世界銀行防災グローバルファシリティ(GFDRR災害リスク管理チームにとり、欧州連合、日本政府、USAIDと共催の、第4レジリエンス・ダイアログ開催準備のため、非常に重要な時期です。今回は、2015年以降の開発のフレームワークにおいて、災害と気候変動に対する強靭性(レジリエンス)を強化することにより貢献可能な役割を中心に取り上げます。

災害・気候リスクは、ミレニアム開発目標(MDG)の最初のフレームワークのなかでは取り上げられていませんでしたが、最近では、災害による物理面の壊滅的な影響、経済的損失やGDP統計に留まらない影響の例が数えられないほど見られます。災害・気候リスクは、貧困削減や持続可能な開発といった目標の達成を妨げることが明らかであるため、MDGに代わる開発フレームワークのなかに統合する必要があります。

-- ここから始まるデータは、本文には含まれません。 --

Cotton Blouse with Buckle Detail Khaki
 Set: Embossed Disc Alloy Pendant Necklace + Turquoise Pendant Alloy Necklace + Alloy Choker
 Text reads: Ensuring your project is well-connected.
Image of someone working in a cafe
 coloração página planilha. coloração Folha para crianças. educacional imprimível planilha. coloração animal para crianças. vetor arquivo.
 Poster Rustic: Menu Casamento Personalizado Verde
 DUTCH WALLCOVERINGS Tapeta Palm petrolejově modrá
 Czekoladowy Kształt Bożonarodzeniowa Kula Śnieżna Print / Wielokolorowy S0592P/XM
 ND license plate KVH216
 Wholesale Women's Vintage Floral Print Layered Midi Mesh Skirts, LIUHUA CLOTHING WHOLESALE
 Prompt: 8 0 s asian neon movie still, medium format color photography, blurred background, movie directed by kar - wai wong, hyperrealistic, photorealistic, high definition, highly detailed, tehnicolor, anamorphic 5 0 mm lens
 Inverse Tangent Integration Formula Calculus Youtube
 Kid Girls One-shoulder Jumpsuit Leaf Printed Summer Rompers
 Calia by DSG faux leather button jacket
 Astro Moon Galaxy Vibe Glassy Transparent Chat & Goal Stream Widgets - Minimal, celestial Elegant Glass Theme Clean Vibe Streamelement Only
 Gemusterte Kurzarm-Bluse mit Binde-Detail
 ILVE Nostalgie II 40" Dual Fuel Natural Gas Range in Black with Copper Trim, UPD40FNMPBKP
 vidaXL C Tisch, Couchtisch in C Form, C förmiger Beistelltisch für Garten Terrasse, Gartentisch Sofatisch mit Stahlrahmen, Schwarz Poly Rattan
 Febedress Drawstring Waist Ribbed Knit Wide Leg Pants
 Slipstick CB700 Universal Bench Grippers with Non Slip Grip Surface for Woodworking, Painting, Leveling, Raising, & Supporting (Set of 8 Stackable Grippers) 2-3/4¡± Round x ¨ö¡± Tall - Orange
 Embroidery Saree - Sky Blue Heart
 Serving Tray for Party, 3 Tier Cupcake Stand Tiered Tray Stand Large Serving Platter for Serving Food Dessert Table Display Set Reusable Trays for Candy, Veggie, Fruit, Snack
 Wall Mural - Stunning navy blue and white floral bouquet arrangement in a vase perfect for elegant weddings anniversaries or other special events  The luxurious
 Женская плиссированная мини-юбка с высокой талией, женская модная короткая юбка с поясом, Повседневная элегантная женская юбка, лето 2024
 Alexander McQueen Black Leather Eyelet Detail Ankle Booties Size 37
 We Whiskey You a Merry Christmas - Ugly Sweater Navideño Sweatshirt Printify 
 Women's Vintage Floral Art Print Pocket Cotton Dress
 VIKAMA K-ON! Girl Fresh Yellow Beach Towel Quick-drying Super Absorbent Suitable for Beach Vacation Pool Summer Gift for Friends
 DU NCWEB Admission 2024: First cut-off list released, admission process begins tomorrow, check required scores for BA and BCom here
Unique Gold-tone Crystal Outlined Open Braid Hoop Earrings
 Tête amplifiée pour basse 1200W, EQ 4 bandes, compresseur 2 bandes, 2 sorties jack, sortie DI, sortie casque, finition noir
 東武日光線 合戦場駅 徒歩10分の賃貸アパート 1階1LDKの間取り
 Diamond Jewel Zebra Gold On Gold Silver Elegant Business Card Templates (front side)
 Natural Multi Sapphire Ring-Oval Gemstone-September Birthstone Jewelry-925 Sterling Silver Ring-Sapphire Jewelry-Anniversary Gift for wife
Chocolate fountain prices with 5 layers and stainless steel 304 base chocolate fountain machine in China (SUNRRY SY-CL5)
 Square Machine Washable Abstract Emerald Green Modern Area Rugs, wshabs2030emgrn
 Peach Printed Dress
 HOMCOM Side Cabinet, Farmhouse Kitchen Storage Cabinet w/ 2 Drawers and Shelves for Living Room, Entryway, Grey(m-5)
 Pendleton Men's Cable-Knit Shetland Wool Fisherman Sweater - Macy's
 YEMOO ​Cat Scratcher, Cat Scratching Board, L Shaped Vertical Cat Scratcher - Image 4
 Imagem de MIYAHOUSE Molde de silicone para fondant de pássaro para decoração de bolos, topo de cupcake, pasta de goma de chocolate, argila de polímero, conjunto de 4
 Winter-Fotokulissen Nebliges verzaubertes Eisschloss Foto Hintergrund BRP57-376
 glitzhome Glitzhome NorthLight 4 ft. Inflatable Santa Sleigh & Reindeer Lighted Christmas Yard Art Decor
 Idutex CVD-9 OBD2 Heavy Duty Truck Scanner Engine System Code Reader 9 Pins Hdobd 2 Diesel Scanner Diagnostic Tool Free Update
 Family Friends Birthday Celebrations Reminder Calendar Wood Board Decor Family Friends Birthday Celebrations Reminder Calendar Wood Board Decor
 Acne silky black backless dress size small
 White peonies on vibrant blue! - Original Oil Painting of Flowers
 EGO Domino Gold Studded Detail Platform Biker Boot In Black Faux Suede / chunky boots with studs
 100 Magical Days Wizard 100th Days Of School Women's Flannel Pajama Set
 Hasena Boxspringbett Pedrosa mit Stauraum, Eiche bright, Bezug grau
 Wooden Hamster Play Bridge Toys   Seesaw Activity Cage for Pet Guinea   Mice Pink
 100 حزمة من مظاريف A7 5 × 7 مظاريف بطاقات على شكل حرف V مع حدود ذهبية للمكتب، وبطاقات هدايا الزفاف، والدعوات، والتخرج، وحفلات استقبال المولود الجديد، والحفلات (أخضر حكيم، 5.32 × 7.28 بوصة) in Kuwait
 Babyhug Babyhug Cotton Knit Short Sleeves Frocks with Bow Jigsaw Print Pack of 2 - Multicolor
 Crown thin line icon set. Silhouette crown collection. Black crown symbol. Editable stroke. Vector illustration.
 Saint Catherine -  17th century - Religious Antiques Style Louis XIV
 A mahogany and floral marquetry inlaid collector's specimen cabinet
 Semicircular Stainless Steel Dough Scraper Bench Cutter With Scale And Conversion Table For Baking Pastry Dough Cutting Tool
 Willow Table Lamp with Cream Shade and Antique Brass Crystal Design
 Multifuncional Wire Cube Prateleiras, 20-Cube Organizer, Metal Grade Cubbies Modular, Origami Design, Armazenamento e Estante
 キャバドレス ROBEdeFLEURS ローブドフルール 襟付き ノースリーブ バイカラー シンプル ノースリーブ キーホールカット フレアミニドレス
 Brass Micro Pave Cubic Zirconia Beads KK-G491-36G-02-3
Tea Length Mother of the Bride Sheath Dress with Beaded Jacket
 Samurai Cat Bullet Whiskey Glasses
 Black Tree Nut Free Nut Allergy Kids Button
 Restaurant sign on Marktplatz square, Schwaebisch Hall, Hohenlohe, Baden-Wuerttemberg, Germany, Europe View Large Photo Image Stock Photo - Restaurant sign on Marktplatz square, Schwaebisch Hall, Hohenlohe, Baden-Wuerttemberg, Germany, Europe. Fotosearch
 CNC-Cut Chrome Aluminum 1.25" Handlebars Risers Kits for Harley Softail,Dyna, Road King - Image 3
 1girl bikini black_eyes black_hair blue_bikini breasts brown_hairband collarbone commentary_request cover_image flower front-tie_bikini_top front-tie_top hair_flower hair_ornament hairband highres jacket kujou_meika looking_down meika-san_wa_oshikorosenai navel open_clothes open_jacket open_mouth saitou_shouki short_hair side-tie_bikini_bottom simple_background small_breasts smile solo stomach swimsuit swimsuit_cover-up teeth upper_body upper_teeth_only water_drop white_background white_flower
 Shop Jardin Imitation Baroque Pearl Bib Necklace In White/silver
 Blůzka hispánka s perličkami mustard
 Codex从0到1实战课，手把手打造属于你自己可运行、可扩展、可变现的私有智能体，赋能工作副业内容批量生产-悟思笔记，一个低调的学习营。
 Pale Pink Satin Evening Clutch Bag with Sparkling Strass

これにはさまざまな方法があります。2月にジャカルタで開かれた災害リスクの削減およびポスト2015年開発アジェンダに関する世界会議では、ポスト2015年の目標全体において、災害に対する強靭性を各目標に横断的に関わるものとして主流化しつつ、災害リスク削減という単独の目標と組み合わせるべきであるという結論が出されました。開発の「障壁」という広い意味での強靭性に関する目標のなかに災害に対する強靭性を入れ込むべきという声がある一方、災害管理に具体的に的を絞った単独目標を掲げるべきだという声もあります。詳細は未定ですが、新しいフレームワークでは、繁栄と持続可能性の共有が中心テーマになることが明らかになってきています。

この点を考慮し、将来の課題(急速な都市化と、4℃の地球温暖化とこれに伴う異常気象という非常に具体的な脅威)に直面するなか、災害・気候リスクを無視できないことは分かっています。私たちが今日下す決定は、最終的には、繁栄と持続可能な成長軌道の共有を達成できるかを左右することになります。